Lennox starts by reminding us that “this encounter is often portrayed as a simple clash between science and religion, where the competent scientist convincingly triumphed over the ignorant churchman.” Lennox says that historians have shown that “this account is also very far from the truth.”
First, Wilberforce was a learned scholar, not an ignoramus. Wilberforce published a critique of Darwin’s work which Darwin himself regarded as “uncommonly clever; it picks out with skill all the most conjectural parts, and brings forward well all the difficulties. It quizzes me most splendidly.”

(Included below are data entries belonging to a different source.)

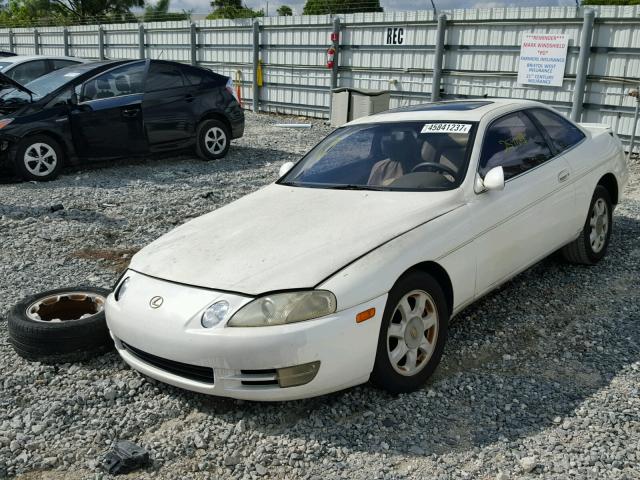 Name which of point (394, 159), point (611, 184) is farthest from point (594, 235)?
point (394, 159)

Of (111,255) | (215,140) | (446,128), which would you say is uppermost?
(446,128)

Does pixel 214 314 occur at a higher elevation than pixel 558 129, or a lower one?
lower

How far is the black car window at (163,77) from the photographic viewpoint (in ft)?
32.3

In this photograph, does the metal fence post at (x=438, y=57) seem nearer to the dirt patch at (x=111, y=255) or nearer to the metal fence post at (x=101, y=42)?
the dirt patch at (x=111, y=255)

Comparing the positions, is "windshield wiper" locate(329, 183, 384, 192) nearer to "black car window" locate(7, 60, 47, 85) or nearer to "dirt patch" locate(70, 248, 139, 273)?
"dirt patch" locate(70, 248, 139, 273)

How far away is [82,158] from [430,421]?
7.40 meters

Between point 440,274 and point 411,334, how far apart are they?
0.42 meters

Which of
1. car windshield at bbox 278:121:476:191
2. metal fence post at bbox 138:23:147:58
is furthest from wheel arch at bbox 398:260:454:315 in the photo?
metal fence post at bbox 138:23:147:58

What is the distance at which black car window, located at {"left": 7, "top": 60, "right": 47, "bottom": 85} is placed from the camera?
12547 mm

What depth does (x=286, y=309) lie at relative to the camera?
311 centimetres

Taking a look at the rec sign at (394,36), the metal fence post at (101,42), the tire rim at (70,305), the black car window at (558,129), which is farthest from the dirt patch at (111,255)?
the metal fence post at (101,42)

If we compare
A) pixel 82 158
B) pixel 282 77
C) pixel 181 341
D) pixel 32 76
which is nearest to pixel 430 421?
pixel 181 341

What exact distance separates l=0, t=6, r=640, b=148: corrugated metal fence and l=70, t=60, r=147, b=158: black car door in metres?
6.13

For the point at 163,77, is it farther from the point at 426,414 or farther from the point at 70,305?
the point at 426,414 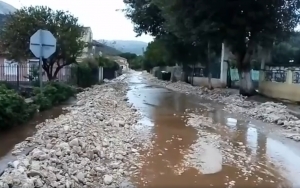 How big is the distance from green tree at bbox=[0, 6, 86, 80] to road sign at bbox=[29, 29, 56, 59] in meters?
8.67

Second, Wilberforce was adamant that the debate over Darwin’s theories be scientific. In his summary of the critique which Darwin commended, Wilberforce wrote the following:
We have objected to the views with which we are dealing, solely on scientific grounds. We have done so from the fixed conviction that it is thus that the truth or falsehood of such arguments should be tried. We have no sympathy with those who object to any facts or alleged facts in nature, or to any inference logically deduced from them, because they believe them to contradict what it appears to them is taught by revelation. We think that all such objections savour of a timidity which is really inconsistent with a firm and well-intrusted faith.
Third, there were objections to Darwin’s theory which did not come from the church. Lennox notes that “Sir Richard Owen, the leading anatomist of the day . . . was opposed to Darwin’s theory; as was the eminent scientist Lord Kelvin.”
Fourth, at the time of the debate, opinions on how the two debaters fared were mixed; there was not a consensus that Huxley defeated Wilberforce. According to Lennox, “The botanist Joseph Hooker grumbled that Huxley didn’t ‘put the matter in a form or way that carried the audience’ so he had to do it himself.” Lennox also records that “The Athenaeum‘s report gives the impression that honours were about even, saying that Huxley and Wilberforce ‘have each found foemen worthy of their steel.’”
As with the Galileo affair, the Huxley-Wilberforce debate fails to live up to its hype. The debate was not emblematic of the imaginary war on science waged by Christianity. Historian of science Colin Russell has come to the following conclusion about the alleged war between religion and science in the west:
The common belief that . . . the actual relations between religion and science over the last few centuries have been marked by deep and enduring hostility . . . is not only historically inaccurate, but actually a caricature so grotesque that what needs to be explained is how it could have possibly achieved any degree of respectability.